Given a language model's probability $P(W)$ for a sentence $W = w_1, w_2, ..., w_N$ , perplexity is calculated as:

$\text{PPL}(W) = P(W)^{-\frac{1}{N}} = \left( \prod_{i=1}^N P(w_i | w_1, w_2, ..., w_{i-1}) \right)^{-\frac{1}{N}}$

For a dataset $D$ :

$\text{PPL}(D) = 2^{-\frac{1}{N} \sum_{i=1}^N \log_2 P(w_i | w_1, w_2, ..., w_{i-1})}$

Here, $N$ is the total number of words in the dataset, and $P(w_i | w_1, w_2, ..., w_{i-1})$ is the conditional probability of word $w_i$ . Lower perplexity indicates the model assigns higher probability to the correct word sequence.

Ablation Studies

The authors examined the effectiveness of the recurrence mechanism and the new position encoding scheme:

Effectiveness of Relative Position Encoding:

On WikiText-103, a dataset requiring long-term dependency modeling, the study compared relative and absolute position encoding under different conditions.

The results, shown above, indicate that absolute position encoding is only effective for half losses, as it excludes very short attention lengths during training, allowing better generalization.

The study concluded that both the recurrence mechanism and the new encoding scheme are essential for optimal performance and extending attention length during evaluation.

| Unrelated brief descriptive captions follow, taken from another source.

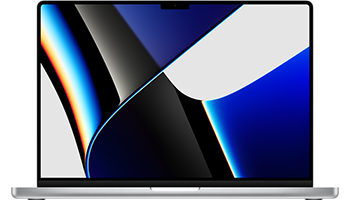 16-inch MacBook Pro/ Apple M1 Pro chip with 10‑core CPU and 16‑core GPU/ 16GB/ 1TB SSD - Silver
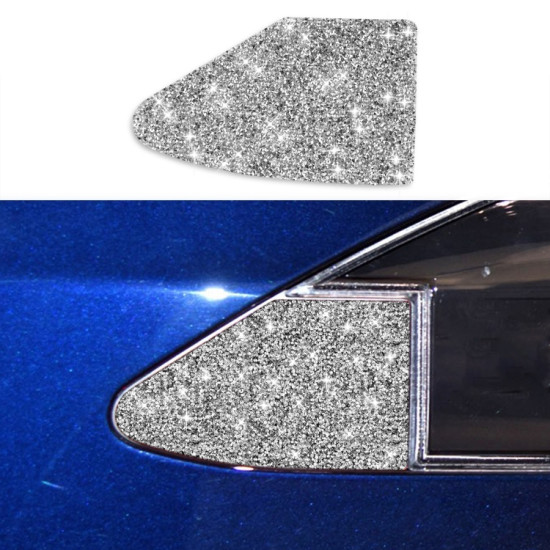 Tesla Model S Car Charging Port Board Diamond Sticker, Left and Right Drive Universal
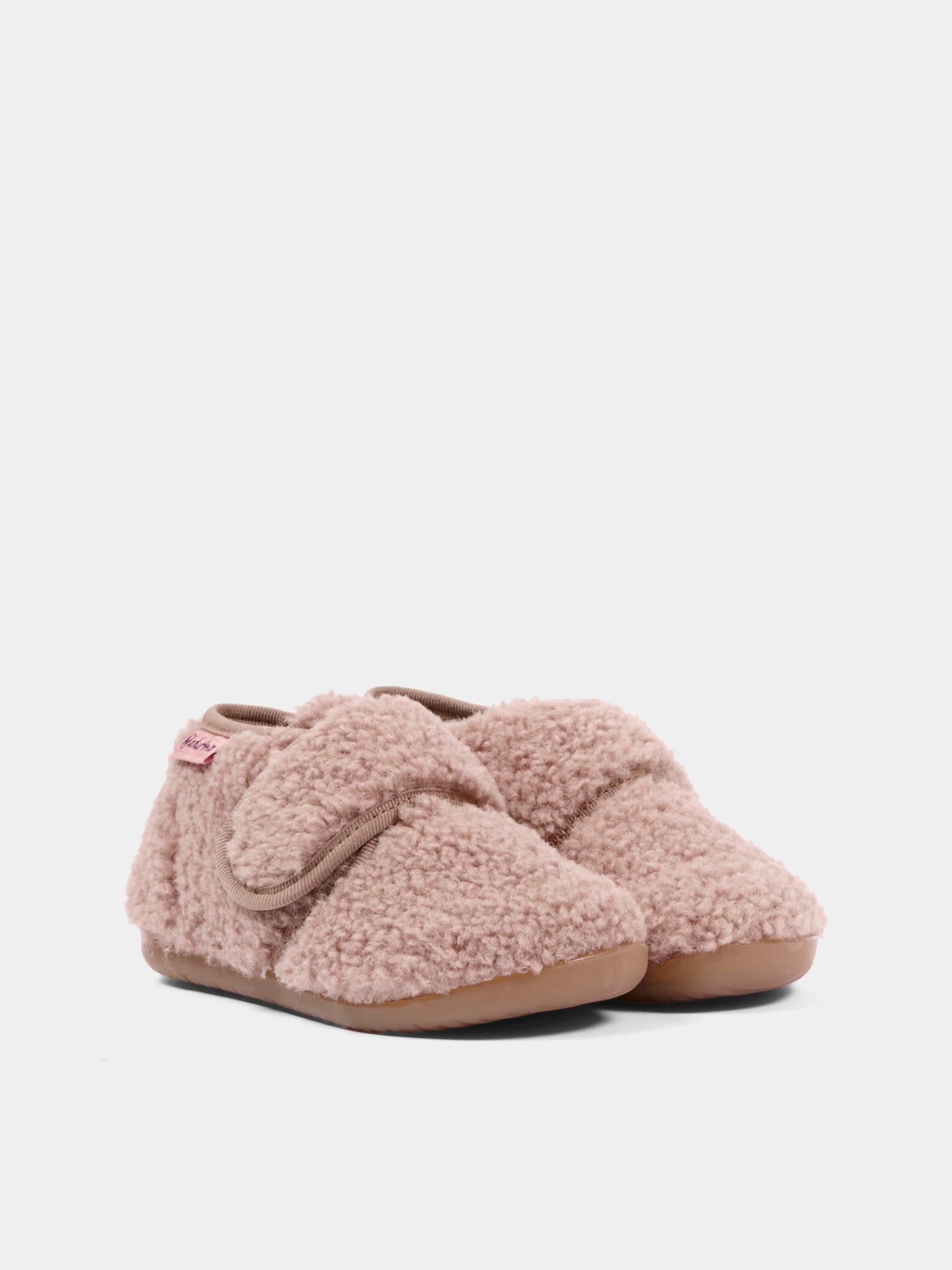 Pantofole rosa per neonata con strappo,Naturino,001 4000673 55 0M01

Despite a backpropagation length of 128 during training, attention length could be increased to 640 during testing, reducing perplexity with increased attention length.
tip
The terms "full losses" and "half losses" refer to how loss is calculated during training, indicating the extent of the model's focus on different parts of the input segment.
1. Full losses:
  - The model considers the prediction error across the entire input segment, including all positions from start to end. This demands a comprehensive understanding of the entire segment, including long-term dependencies.
2. Half losses:
  - The model only considers prediction errors for the latter half of the input segment. This approach focuses more on recent content, which can improve generalization when distant information is less relevant.
In the study, half losses performed better with absolute position encoding, suggesting reduced reliance on distant information.
Effectiveness of the Recurrence Mechanism:

To isolate the impact of solving context fragmentation from capturing long-term dependencies, the authors used the One Billion Word Benchmark, which doesn't require long-term dependencies.

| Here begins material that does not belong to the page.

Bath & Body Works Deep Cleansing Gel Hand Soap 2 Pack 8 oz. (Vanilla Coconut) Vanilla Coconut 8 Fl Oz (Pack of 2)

Training a 20-layer Transformer-XL with approximately 0.3B parameters for 400K steps showed that segment-level recurrence significantly improved performance, confirming that the recurrence mechanism effectively addresses context fragmentation.

Conclusion

Transformer-XL demonstrated remarkable capabilities in language modeling, achieving superior performance in perplexity and efficiently handling long-term dependencies compared to RNNs and standard Transformers.

Moreover, Transformer-XL significantly accelerates evaluation and generates coherent text, showing promise for applications in text generation, unsupervised feature learning, image, and speech modeling. It has the potential to be a vital tool in advancing existing technologies and developing new applications.